Inspiration: Superoptimisation

6.1. Inspiration: Superoptimisation

This needs to be reorganised

Optimisations in compilers are typically built as passes. Compiler authors then design sequences of these passes to create the default optimisation pipelines that most end-users rely on. This is not easy. For a large project like LLVM, the end result looks something like this – a thousand lines of meticulously commented code, carefully crafted and hand tuned to handle every optimisation edge case and perform well on thousands of benchmarks. This is the phase-ordering problem Click, 1995Cliff Click and Keith D. Cooper. 1995. Combining analyses, combining optimizations. ACM Transactions on Programming Languages and Systems 17, 2 (March 1995, 181--196). doi: 10.1145/201059.201061​ – one of the hardest problems in classical compilation.

Quantum compilers are not immune to this, either. The same pass ordering sorcery can be found just as well in TKET, a leading quantum compiler Sivara., 2020Seyon Sivarajah, Silas Dilkes, Alexander Cowtan, Will Simmons, Alec Edgington and Ross Duncan. 2020. t|ket⟩: a retargetable compiler for NISQ devices. Quantum Science and Technology 6, 1 (November 2020, 014003). doi: 10.1088/2058-9565/ab8e92. It does not look quite as scary yet, but the code is growing and some passes are already being called three times within the default sequence. This is hard to maintain and any change and new feature comes at the risk of degrading the compiler performance on established use cases.

If we are serious about adopting classical compiler tooling for quantum computations, we will need to find a more convincing solution to this problem. Fortunately, classical compilation is a mature field that has already experienced (and solved!) most of the challenges that quantum compilers have faced, and will ever face, in peephole optimisation. Our proposal, described in chapter 6, combines two modern compilation techniques that mitigate this and which we will review now: Superoptimisation and Equality saturation.

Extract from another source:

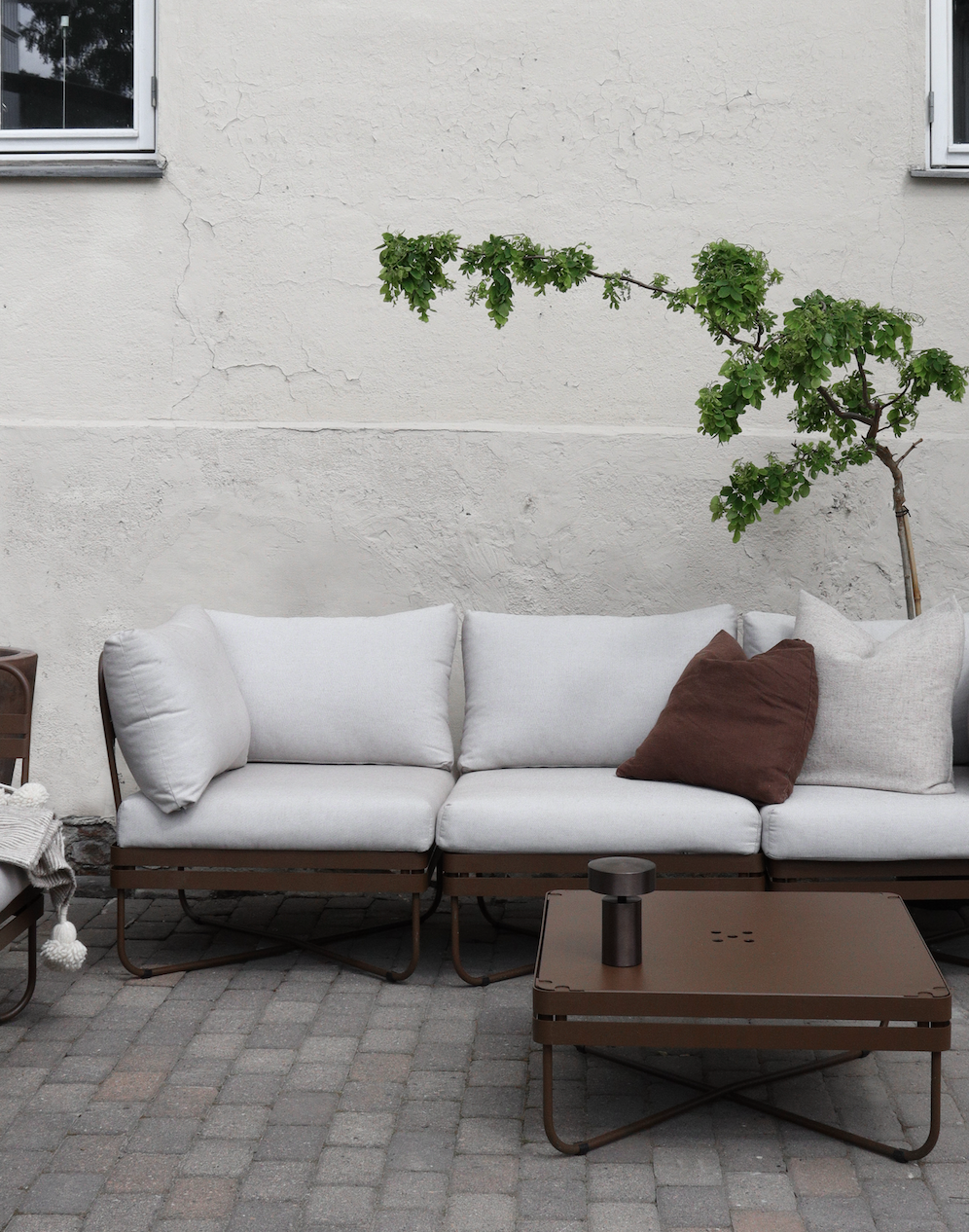 Bris Coffee table 70x70 cm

Large compiler projects support a multitude of program representations and large sets of operations/instructions to be able to generate code for a wide array of devices and architectures. Designers of optimising compiler passes must thus necessarily put constraints on the program input format that the pass will accept. In all likelihood, the pass will furthermore only be applicable for certain cost functions or for a limited set of hardware target. This all leads to a proliferation of special purpose compiler passes that are bug-prone and must be carefully ordered to perform well across all the use cases of interest. On top of this, new instruction sets, architectures or new cost functions require new sets of compiler passes, in effect rebuilding the entire compilation pipeline.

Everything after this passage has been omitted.